Une vue bien faite pour les réjouir les attendait : sur le sapuçaya qu’éclairait le soleil, ils reconnurent les amis dont ils étaient séparés depuis le matin.

Richard semblait les compter du regard, comme pour s’assurer qu’aucun d’eux ne manquait. Peut-être une seule et gracieuse forme attirait-elle ses yeux dans la distance : celle de sa petite amie Rosita.

Il allait crier pour avertir de leur approche, quand un signe du Mundrucu l’arrêta.

« Pourquoi pas, Munday ?

— Pas un mot, jeune maître. Nous ne sommes pas encore hors du bois. Le jacara pourrait nous entendre.

— Nous l’avons laissé bien loin, près de l’igarapé,

— Ah ! c’est vrai. Mais qui sait où il peut être maintenant ? Qui sait s’il ne nous guette pas toujours ? »

Tout en parlant, l’Indien regarda derrière lui, le jeune homme aussi.

Il ne paraissait pas exister un seul sujet d’inquiétude. Tout était silencieux sous l’ombre des arbres. Pas une seule ride ne s’apercevait sur la surface des flots.

« Je crois que nous lui avons bien donné le change. Qu’en pensez-vous, vieux compagnon ?

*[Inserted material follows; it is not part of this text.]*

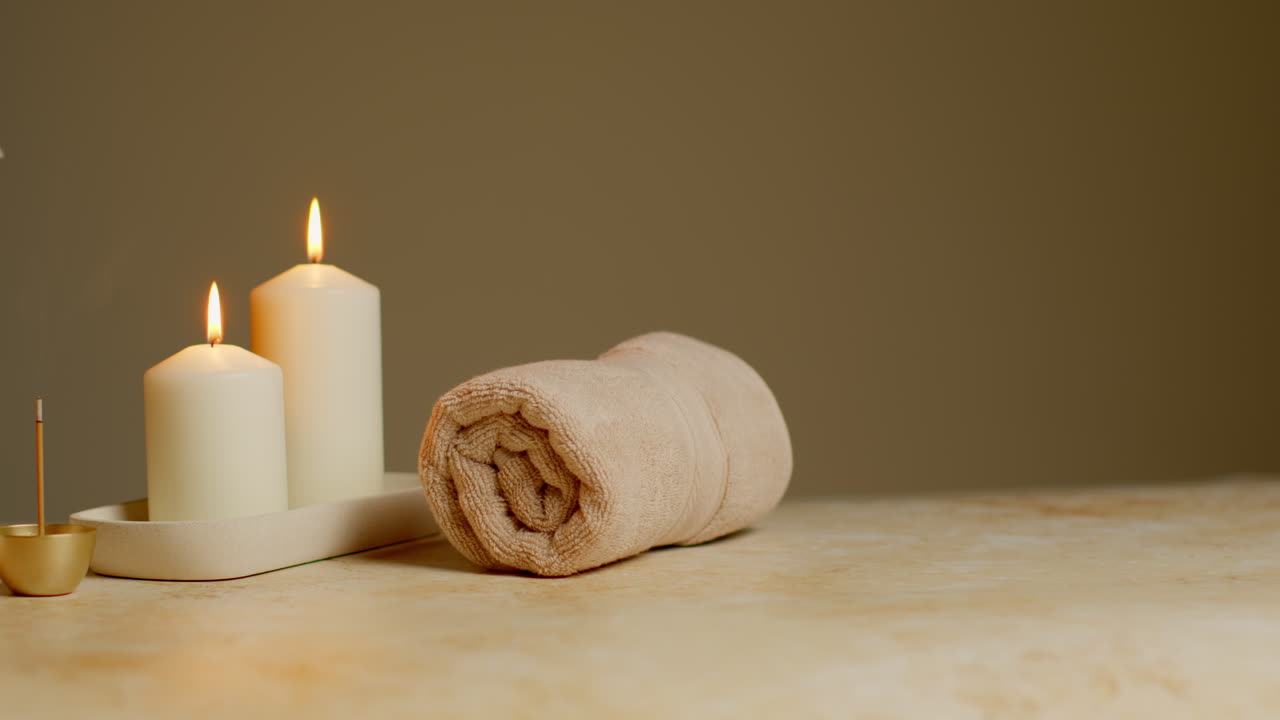 натюрмортные свечи с сушеными травами, ладонь и мягкие полотенца в качестве части расслабляющего декора spa дня 4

— Cela semble ainsi, répondit l’Indien. Le Mundrucu n’entend rien, pas un son. Le jacara est sans doute encore à l’igarapé.

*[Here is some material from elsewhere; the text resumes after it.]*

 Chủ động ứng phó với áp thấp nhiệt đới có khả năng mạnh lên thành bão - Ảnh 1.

— Pourquoi nous attarder ici plus longtemps ? Plusieurs heures déjà se sont écoulées depuis que nous avons quitté le sapuçaya. Mon oncle et les autres doivent avoir perdu patience et être tourmentés d’une grande inquiétude. Bien que nous les apercevions parfaitement, je ne pense pas qu’ils nous voient, sans cela ils nous auraient hélés. »

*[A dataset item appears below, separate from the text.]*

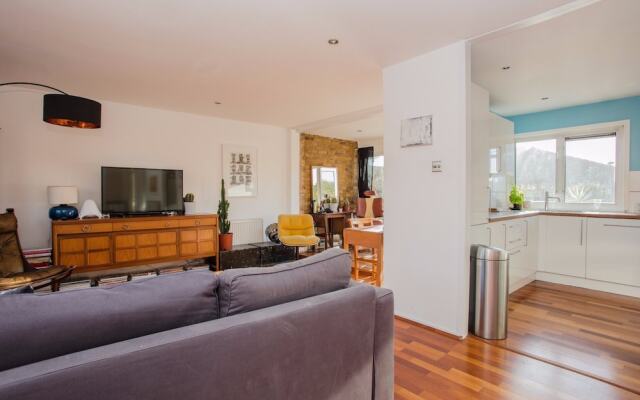 2 Bedroom Flat in Whitechapel with Large Balcony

Le Mundrucu, après avoir regardé encore une fois derrière lui pendant une vingtaine de secondes, répondit enfin : « Je pense que nous pouvons nous aventurer. » Le jeune Trevaniow n’attendait que ce signal, et s’abaissant sur la branche qui le supportait lui et son compagnon, tous deux se confièrent aux flots presque immédiatement.

À peine avaient-ils touché l’eau, que leurs oreilles furent assaillies par une acclamation qui ébranla le gapo. C’était un cri de joie poussé sur le sapuçaya par leurs compagnons qui les avaient aperçus. Stimulés par ces félicitations de leurs amis, tous les deux frappèrent des coups vigoureux pour les rejoindre plus tôt.

Richard ne pensait plus à regarder derrière lui. Il avait aperçu de quoi l’encourager, et toute son attention était désormais absorbée par cette vue : une jeune fille se tenait debout dans la fourche de l’arbre et agitant ses bras vers lui en signe de joie.

Le Mundrucu était tout différemment occupé. Au lieu de regarder en avant, ses oreilles et ses yeux semblaient absolument tendus en arrière.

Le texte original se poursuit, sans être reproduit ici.